Red Army è un buon film per diversi motivi, ma non perché abbia tre scene buone e nessuna brutta. Una delle grandi qualità del film risiede nella sua capricciosità formale e valoriale, nei cambiamenti tonali, nelle svolte rapide e nei salti simili a cola dalla danza sul ghiaccio alla grande politica fino al pathos personale (qui è come un imprevedibile disco da hockey sul ghiaccio). Il film non si ferma mai in una modalità o mentalità, ma crea una "dialettica" giocosa e non conclusiva tra l'ideologia personale e sociale, tra quella politica e sportiva. Qui è divertente in modo riflessivo e riflesso in modo divertente. IN Red Army la metafora ben utilizzata dei "giochi politici" assume una figura appariscente, ridicola, ma anche tragica.

Il personaggio principale. Gran parte dell'umorismo e del pathos del film provengono dal protagonista Slava Fetisov, una delle stelle della squadra sovietica. Il film dà molto spazio alla sua personalità e alle sue espressioni, e trova gran parte del suo umorismo distintivo e della sua personalità peculiare proprio nella dinamica tra Fetisov e il regista e intervistatore Polsky. Red Army è stato commercializzato con Werner Herzog come "produttore esecutivo", e sebbene ciò non implichi che lui de facto avesse qualcosa a che fare con il processo creativo del film, c'è senza dubbio qualcosa di Herzog nell'umorismo sottile nell'ambientazione dell'intervista.

Divertente in modo riflessivo e riflesso in modo divertente.
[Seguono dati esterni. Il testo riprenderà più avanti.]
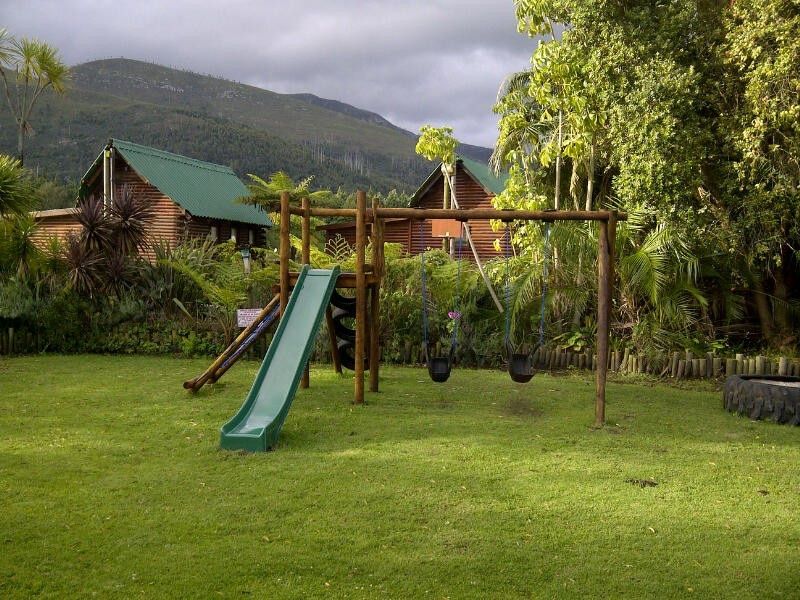 A well-maintained garden area featuring a wooden playground structure with a slide and swings, set against a backdrop of timber cabins and mountain views.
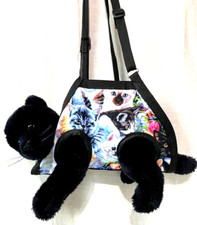 HAVING A HARD TIME CUTTING YOUR PET'S NAILS/EARS USE THIS MULTI-USE CARRIER 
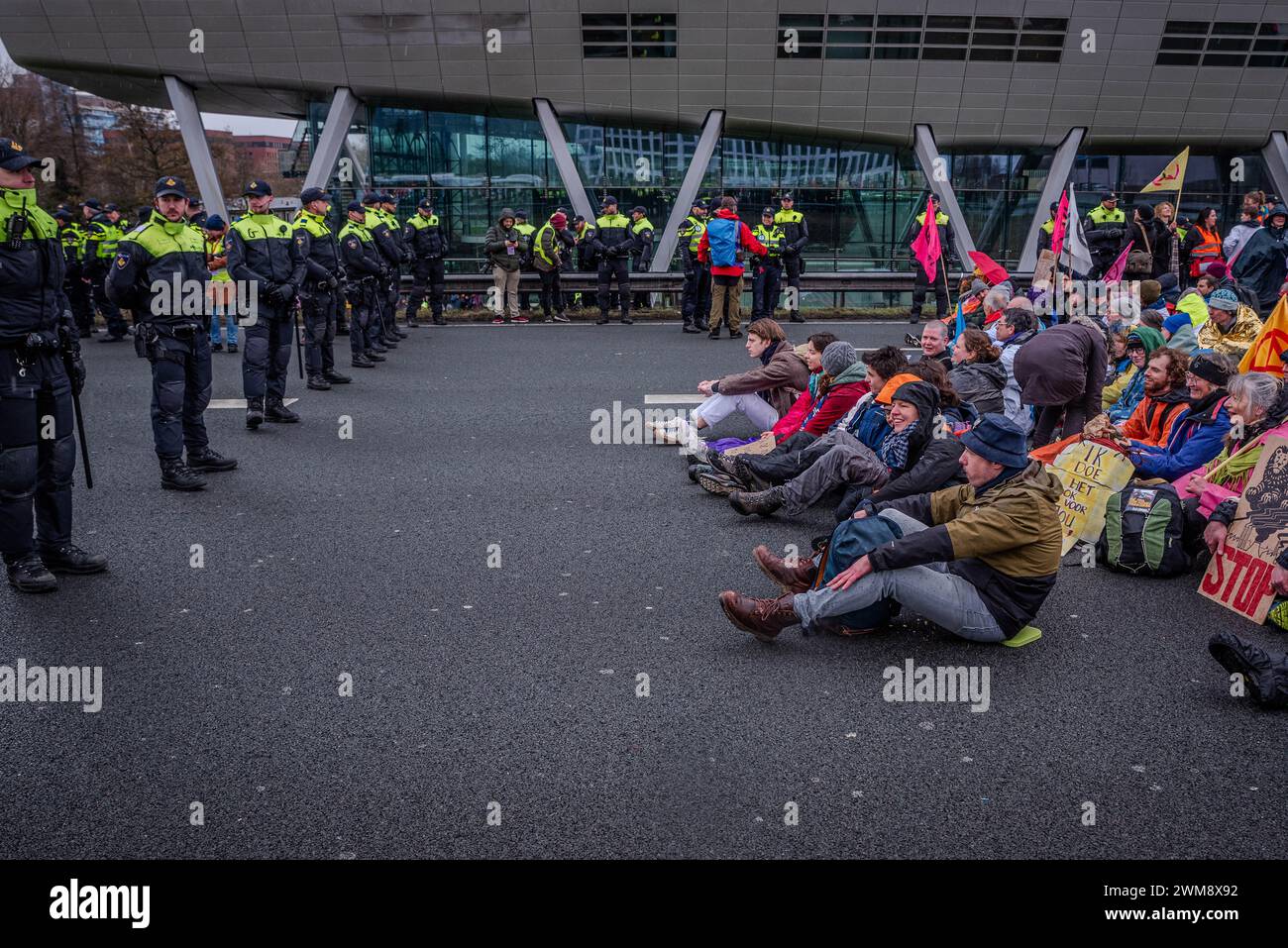 Amsterdam, Nordholland, Niederlande. Februar 2024. Die niederländische Polizei umgibt eine Gruppe von Aktivisten, die die Autobahn A10 blockieren. Aktivisten blockierten die A10, eine Hauptstraße in Amsterdam, Niederlande. Ihre Forderung lautete, dass die ING Bank ihre Investitionen in die fossile Brennstoffindustrie einstellen sollte. (Kreditbild: © James Petermeier/ZUMA Press Wire) NUR REDAKTIONELLE VERWENDUNG! Nicht für kommerzielle ZWECKE! Stockfoto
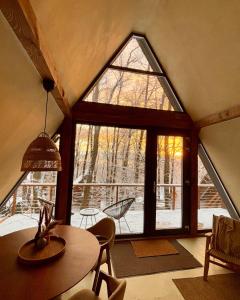 a room with a table and a large window at Juniper Chalet Mátra in Mátraszentimre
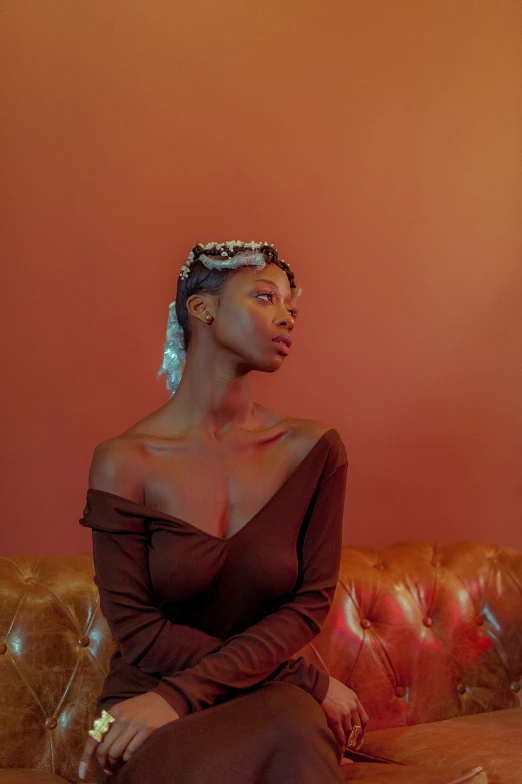 an image of woman sitting on couch with earring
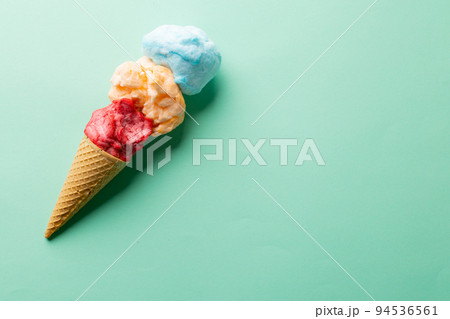 Horizontal image of three coloured flavours of ice cream in cone, on blue background with copy space 94536561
I Into the Abyss (2011), Herzog intervista un giovane che mastica tabacco. Sebbene il tabacco da masticare sia apparentemente insignificante, il regista include filmati degli elaborati e ripetuti sputi di tabacco sull'asfalto da parte dell'uomo (il appare almeno circostanziatamente essendo incluso nel film). Polsky fa qualcosa di simile in Red Army: Include quelle che sembrano essere delle pause nelle sessioni di intervista con Fetisov. Non è raro che Fetisov si sieda e guardi cupamente lo schermo del cellulare mentre Polsky gli fa una domanda curiosa. Questo movimento metafilmico include Centro in uno spazio personale e imprevedibile tra Fetisov e Polsky, permettendoci di avvicinarci al singolo Fetisov, che non viene così facilmente catturato dalle narrazioni storiche.
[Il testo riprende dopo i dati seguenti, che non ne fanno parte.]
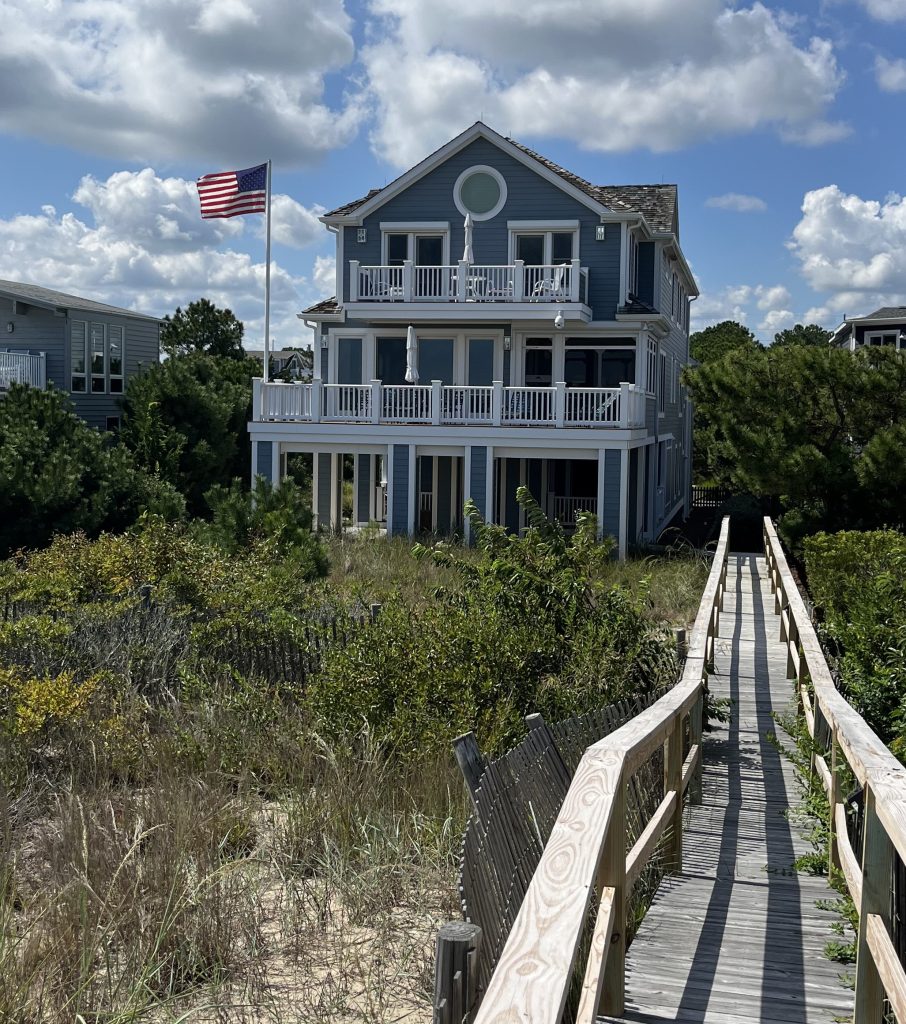 Coughlin House beach home with American flag, surrounded by greenery and a wooden walkway, showcasing coastal architecture and outdoor living spaces.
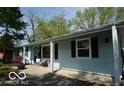 Charming ranch-style home featuring a light blue exterior and well-maintained landscaping at 10360 Wilson Rd, Brownsburg, IN 46112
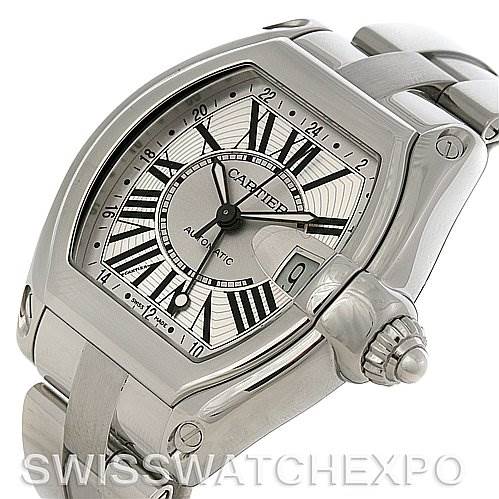 The image shows a close-up of a Cartier Roadster W62032X6 Men's Stainless Steel Silver Dial W62032X6 Men's Stainless Steel Silver Dial watch displaying its face, crown, and part of its bracelet at a slight angle.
Tuttavia, il documentario non sarà un ritratto unilaterale e orientato all'individuo. Polsky consente a tutti i "cinque grandi" giocatori sovietici (il primo livello negli anni '80) di partecipare e fornire il loro punto di vista. Egli è attento anche a non astrarre queste personalità dal clima storico-politico di cui facevano parte. Nelle interviste, sono soli, lontani dall'armonia collettiva del passato, alcuni con malinconia e forse nostalgia negli occhi.
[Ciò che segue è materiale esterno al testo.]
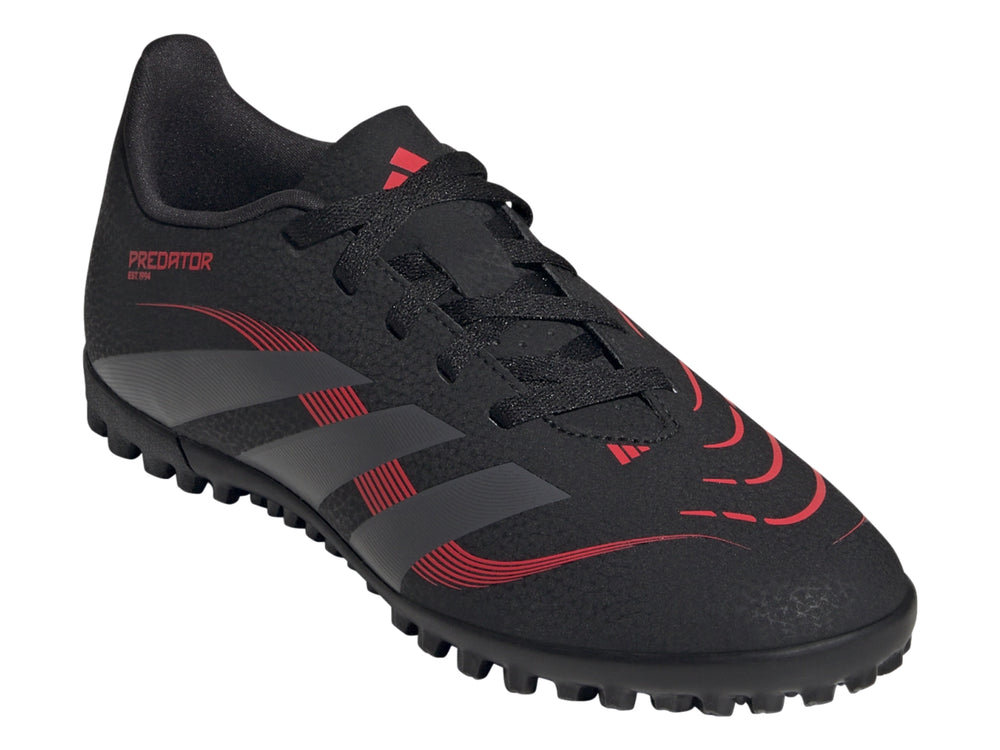 Calzado de fútbol Adidas Predator en color negro con franjas grises y detalles rojos para pasto sintético.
Utopia. È stato là fuori sul ghiaccio, e solo lì, che hai sentito un'interazione intuitiva pur mantenendo la tua libertà individuale? È stato lì che ti sei sentito libero e allo stesso tempo in sintonia con i tuoi compagni giocatori? La vita là fuori appare come un’utopia realizzata nel mezzo della Guerra Fredda e come un gioco libero tra due forme di società altrimenti prive di libertà; un montaggio di Eisenstein che colpiva obiettivi domestici e realizzava gli ideali del collettivismo senza fare violenza all'individuo. Come Fetisov è citato nell'articolo del New York Times "Bits of Dance and Chess Found in a Vanish Style of Play" (12.11.2014/XNUMX/XNUMX): "Ci conoscevamo nelle nostre celle".